Bascially, new skis want to carve. If you do not give them input that will allow them to carve how they want to - they will often react very stubbornly - especially when you are skiing on high-end models. Deep sidecut is also a contributing factor because the turn that the ski wants to slice is very tight, and will require very quick and precise movements in order to keep up. In the clip I posted above I didn't keep up well in most of the run (there are a few instances of the left leg shaking because the edge isn't set properly).


post #5 of 24
I would guess it is in the last half of the turns, not the first half.
Is this correct?
post #6 of 24
Thread Starter 
The chatter appears similar to what I experienced. The snow you were skiing on was much softer than what I was on if it can make a difference.
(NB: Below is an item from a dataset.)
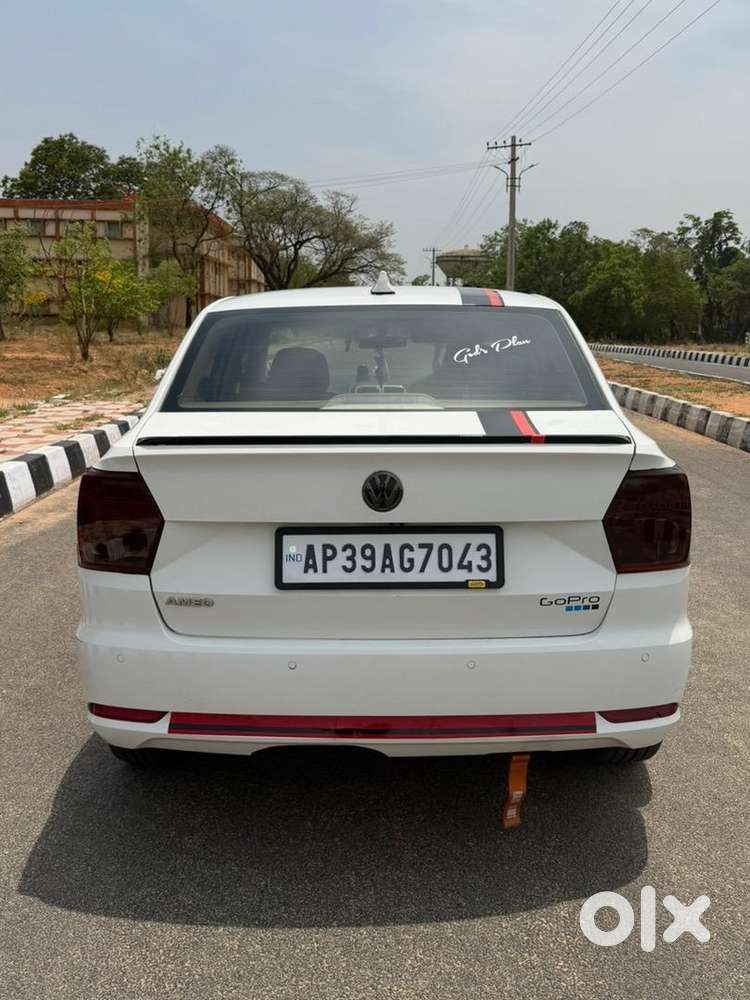 Volkswagen Ameo 2018 Petrol 109000 Km Driven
It would be great to see that clip in real time to get an idea of actual speed. I am not sure if I may be back to to far technique wise, but there was solid pressure more towards the ball of my foot and on my shin. I tend to drive the tips more from old habits, but it sounds like for sure I should get lesson - evaluation on the hill next time I go.

Based on my demo experience that day and what I have been told I may also be over powering the ski. It did seem that the stiffer skis, the Top Fuels and AC30's did not have this chatter and the turns were not skidding. Would they cover up area's where I need to improve on technique? One other factor is that I skied these skis later in the day when I was more tired so I could not drive them as hard.
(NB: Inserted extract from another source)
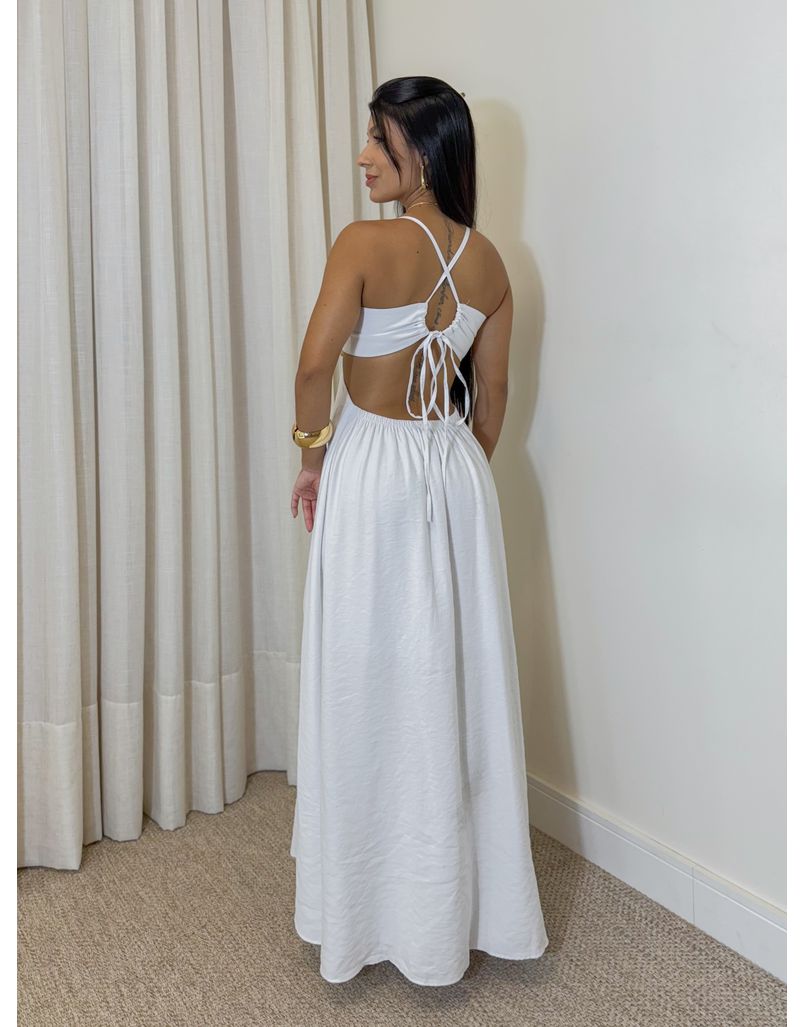 Vestido Alcinha Alexandra Branco
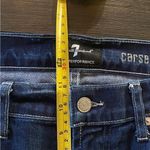 7 For All Mankind 7 for all man kind luxe performance style Carsen size 33 jeans Photo 9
To answer the other post. Yes the chatter is in the later part of the turn.
post #7 of 24
post #8 of 24
Originally Posted by pkquat View Post
Based on my demo experience that day and what I have been told I may also be over powering the ski. It did seem that the stiffer skis, the Top Fuels and AC30's did not have this chatter and the turns were not skidding. Would they cover up area's where I need to improve on technique? One other factor is that I skied these skis later in the day when I was more tired so I could not drive them as hard.
The chatter as you describe is not from over powering the skis. The stiffer skis are probably covering up other deficiencies. Being tired is a tell tale sign of this kind of chatter occurring due to poor position over the skis.
post #9 of 24
Thread Starter 
TY for the information. It appears your speed was close to what I was skiing at. I think I was faster when I got the chatter. I will see what I learn from a lesson.

It was much easier when skis would slide when they were pushed hard and form may not have been perfect, and stop the slide it just meant more pressure - effort. The chatter is not a comforting feeling.
post #10 of 24
Chatter (the ski edging and releasing in a staccato manner) is usually the result of the amount of edge and amount of rotational activity being disproportionate.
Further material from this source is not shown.